[Stored data]
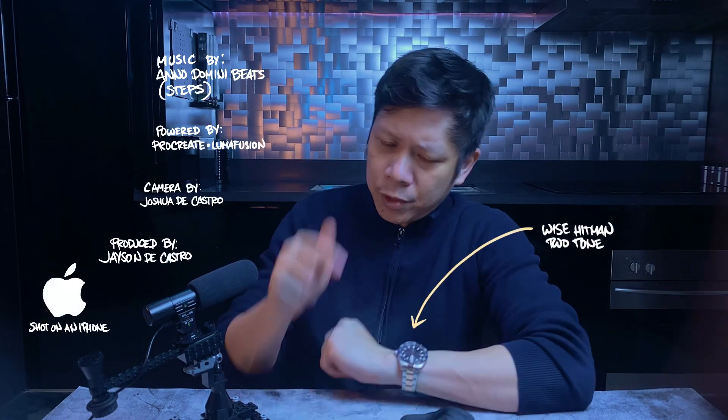It's an amazing watch from an amazing brand. What about you? Which of the new VCs do you like the most? You know what to do — just comment down below.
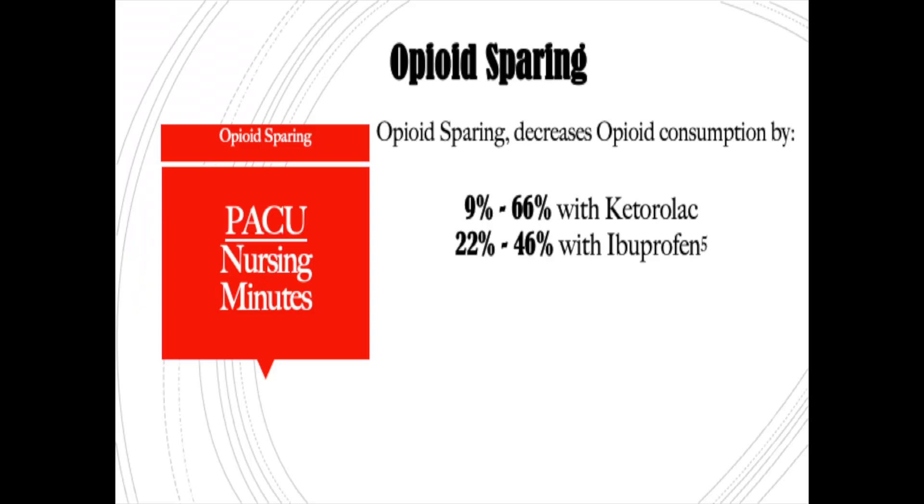There has been some data collected. They found that Ketorolac (Toradol), which is your IV NSAID, has been shown to decrease opioid use anywhere from 9% to 66% — pretty awesome. And ibuprofen has been shown to decrease opioid need anywhere from 22% to 46%. So again, pretty good numbers here.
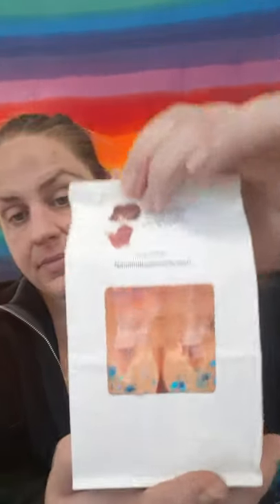Then we have Cotton Candy, Carrot Cake, Cupcake at Tiffany's. These are the cutest — I love the orange peep with that blue. This smells so good. That carrot cake is very dominant. You actually smell the actual carrot in it, the spices and like the raisin kind of note. And then it becomes very creamy because of the Cupcake at Tiffany's. The Cotton Candy is just in there sweetening it up. So awesome.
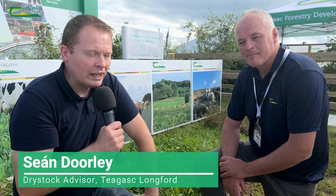I'm here at the Chagas stand at the ploughing championships with Joe Kelleher on the organic stand. Joe, what can farmers see here at your exhibit?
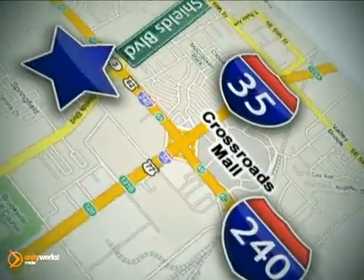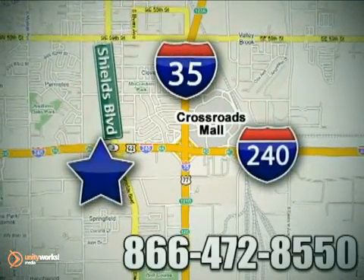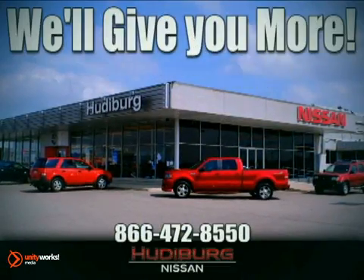Call or stop in today. We are conveniently located one block west of I-35 on I-240 in Shields in Oklahoma City. Remember, you can count on Hewdeburg. We'll give you more!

[Directions for this task] When you reach the line with "There has been" in the entries above, start copying, and go on word for word to the last line; skip any picture.

[Response to this exercise]
There has been some data collected. They found that Ketorolac (Toradol), which is your IV NSAID, has been shown to decrease opioid use anywhere from 9% to 66% — pretty awesome. And ibuprofen has been shown to decrease opioid need anywhere from 22% to 46%. So again, pretty good numbers here.
Then we have Cotton Candy, Carrot Cake, Cupcake at Tiffany's. These are the cutest — I love the orange peep with that blue. This smells so good. That carrot cake is very dominant. You actually smell the actual carrot in it, the spices and like the raisin kind of note. And then it becomes very creamy because of the Cupcake at Tiffany's. The Cotton Candy is just in there sweetening it up. So awesome.
I'm here at the Chagas stand at the ploughing championships with Joe Kelleher on the organic stand. Joe, what can farmers see here at your exhibit?
Call or stop in today. We are conveniently located one block west of I-35 on I-240 in Shields in Oklahoma City. Remember, you can count on Hewdeburg. We'll give you more!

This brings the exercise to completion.